Collected data entries:
· · · · ·

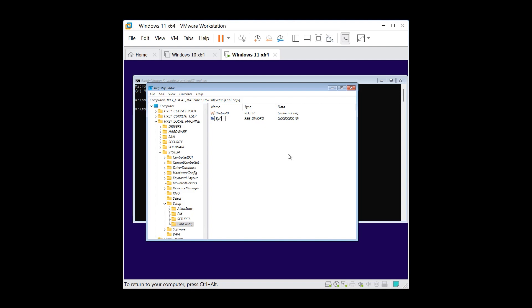And then you're gonna rename this one to BypassSecureBootCheck, one word and capitalize the beginning of the words. After you hit enter, we're gonna modify the value. The way you're gonna do it is right-click on the BypassSecureBootCheck and after right-clicking, you're gonna choose modify from the menu.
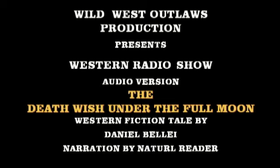The Death Wish Under the Full Moon, a western fiction tale by Daniel Billet, narrated by Natural Reader.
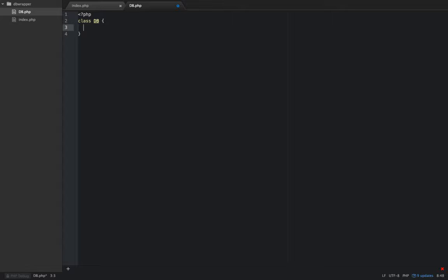Once we have that, the first thing I want to talk about is we're going to set up all of our properties that we're going to use. Like I said, this is going to be a singleton object.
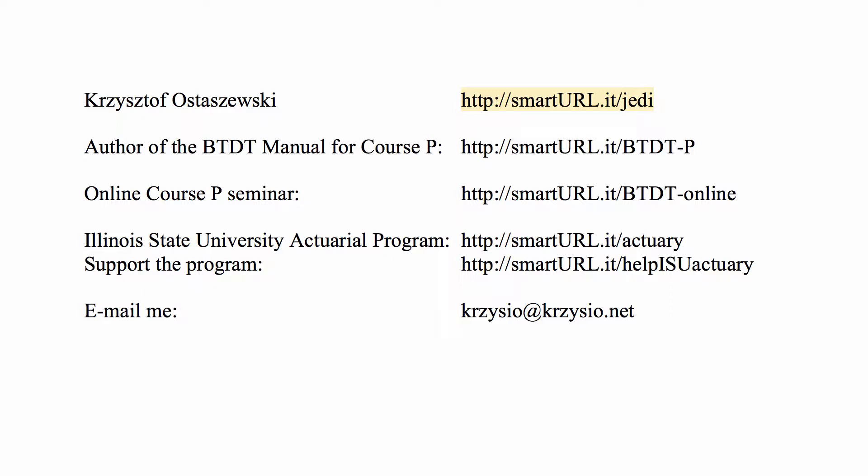You can find information about me at smarturl.it/Jedi. And if you would like to see the online seminars that I teach for actual exams, you can go to smarturl.it/btdt-online. I'll give you my email here if you want to send me an email.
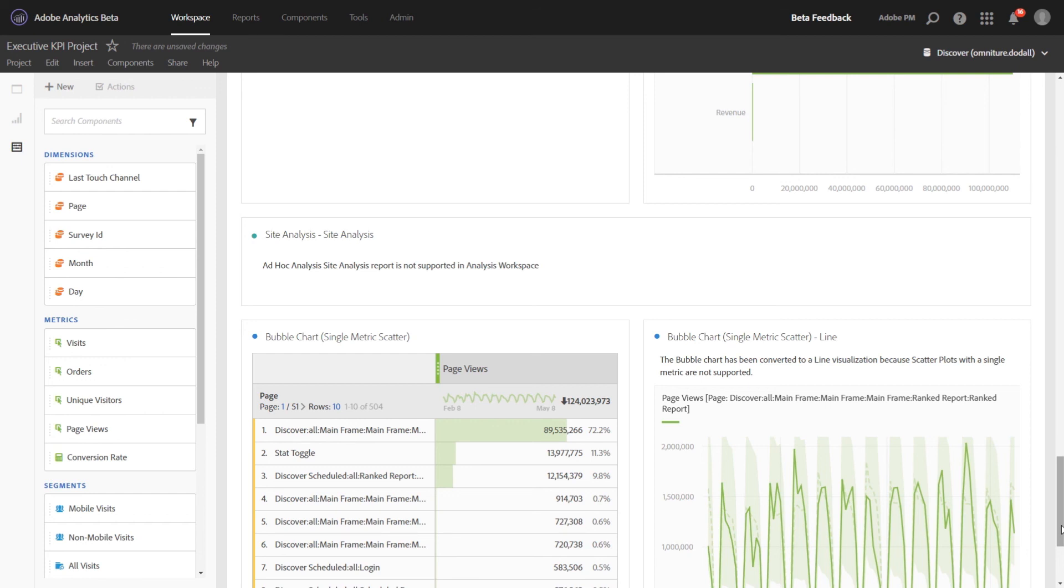For a full list of some of the unsupported features, even though some of them are very small, we've included them all in our documentation and we'll include a link to that in the description of this video.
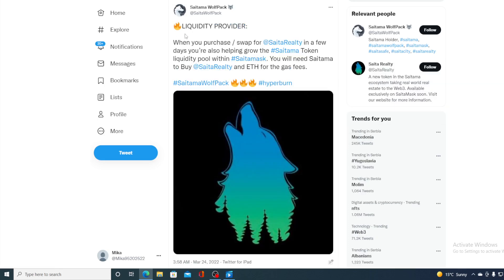Besides just being a real Saitama Realty, besides just being a token, it's also a liquidity provider. Check this out, guys. When you purchase swap Saitama Realty in a few days, you're also helping grow Saitama Token liquidity pool within Saitama. You will need Saitama to buy Saitama Realty and ETH for the gas fees.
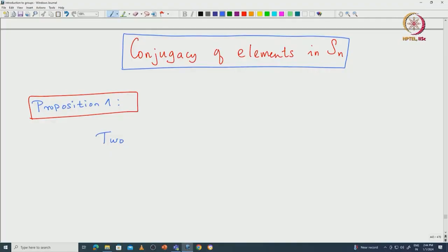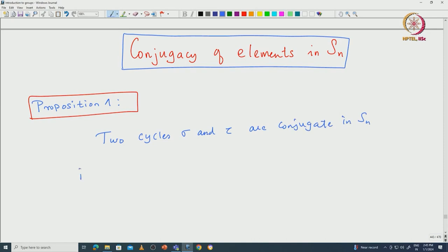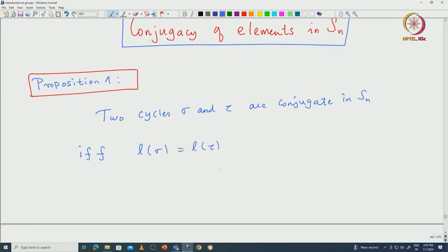Here is the first proposition. If we take two cycles, let us call them sigma and tau, two cycles sigma and tau are conjugate in Sn if and only if their lengths must be the same — the length of sigma should be the same as the length of tau. Recall that length is the number of indices that appear in the cycle. If we write sigma equal to (a₁ ... aₖ), then k is called the length of sigma.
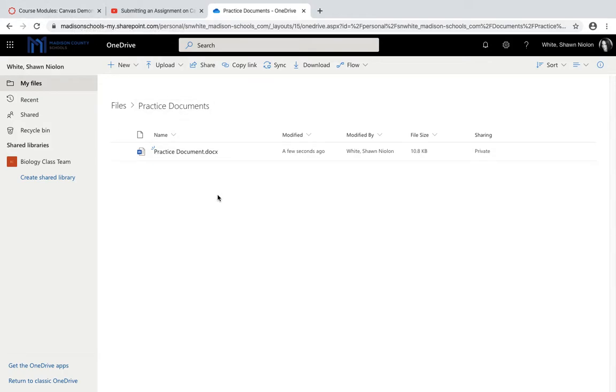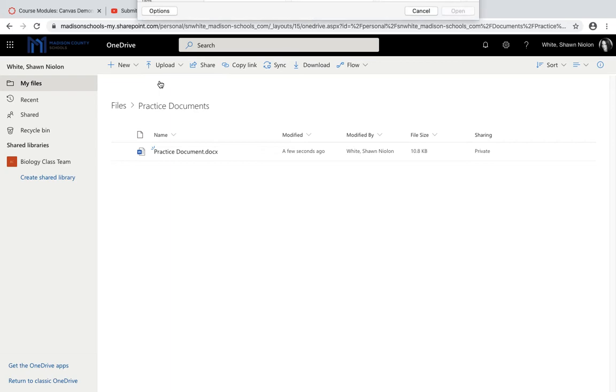Let's say you need to upload a file to your OneDrive. You downloaded it from Canvas, it's on your computer now, and you need to put it on OneDrive. So you would click upload files.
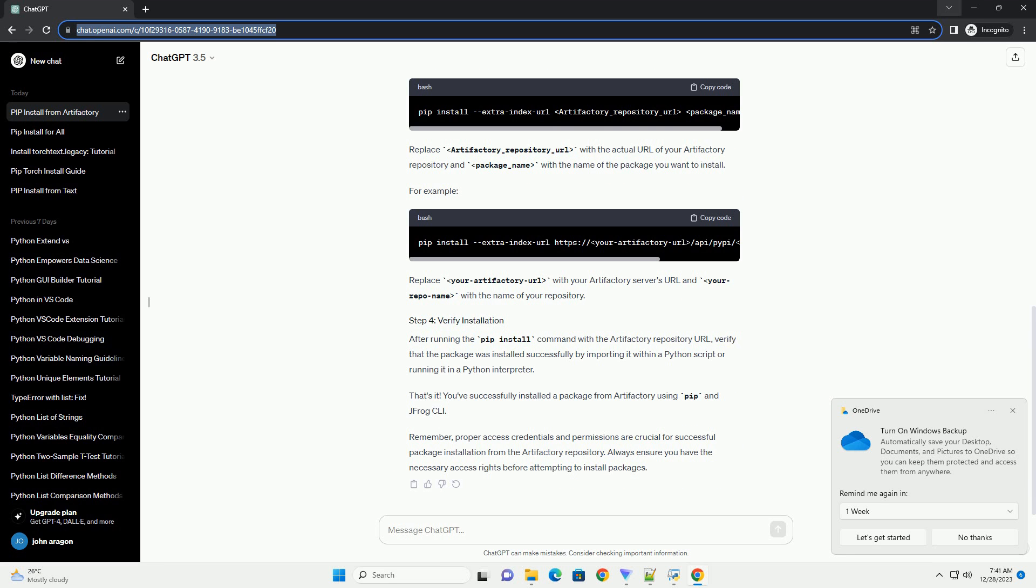After configuring Jfrog CLI, you can use PIP to install Python packages directly from Artifactory. Use the following command syntax to install a package from the Artifactory repository.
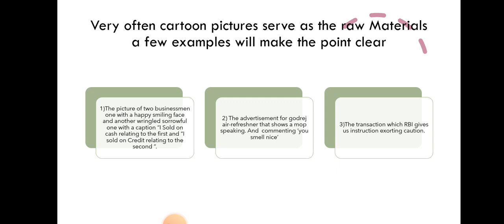The picture of two businessmen, one with a happy smiling face and another wrinkled sorrowful one, with caption 'I sold on cash' relating to the first and 'I sold on credit' relating to the second.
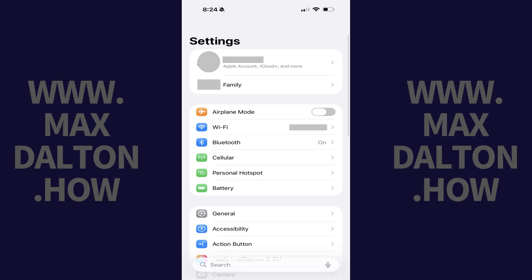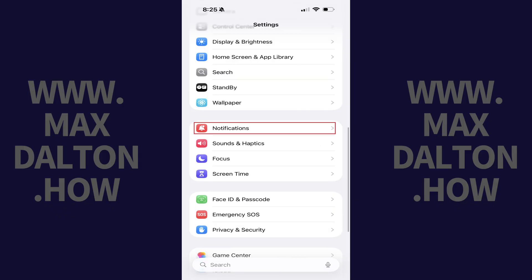Step 1. Open the Settings app on your iPhone or iPad, and then tap Notifications in this menu.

· · · · ·

_REQUIREMENT_: Without including any pictures, repeat the records above exactly.

_FINAL ANSWER_:
And then you're gonna rename this one to BypassSecureBootCheck, one word and capitalize the beginning of the words. After you hit enter, we're gonna modify the value. The way you're gonna do it is right-click on the BypassSecureBootCheck and after right-clicking, you're gonna choose modify from the menu.
The Death Wish Under the Full Moon, a western fiction tale by Daniel Billet, narrated by Natural Reader.
Once we have that, the first thing I want to talk about is we're going to set up all of our properties that we're going to use. Like I said, this is going to be a singleton object.
You can find information about me at smarturl.it/Jedi. And if you would like to see the online seminars that I teach for actual exams, you can go to smarturl.it/btdt-online. I'll give you my email here if you want to send me an email.
For a full list of some of the unsupported features, even though some of them are very small, we've included them all in our documentation and we'll include a link to that in the description of this video.
Besides just being a real Saitama Realty, besides just being a token, it's also a liquidity provider. Check this out, guys. When you purchase swap Saitama Realty in a few days, you're also helping grow Saitama Token liquidity pool within Saitama. You will need Saitama to buy Saitama Realty and ETH for the gas fees.
Here is the first proposition. If we take two cycles, let us call them sigma and tau, two cycles sigma and tau are conjugate in Sn if and only if their lengths must be the same — the length of sigma should be the same as the length of tau. Recall that length is the number of indices that appear in the cycle. If we write sigma equal to (a₁ ... aₖ), then k is called the length of sigma.
Let's say you need to upload a file to your OneDrive. You downloaded it from Canvas, it's on your computer now, and you need to put it on OneDrive. So you would click upload files.
After configuring Jfrog CLI, you can use PIP to install Python packages directly from Artifactory. Use the following command syntax to install a package from the Artifactory repository.
The picture of two businessmen, one with a happy smiling face and another wrinkled sorrowful one, with caption 'I sold on cash' relating to the first and 'I sold on credit' relating to the second.
Step 1. Open the Settings app on your iPhone or iPad, and then tap Notifications in this menu.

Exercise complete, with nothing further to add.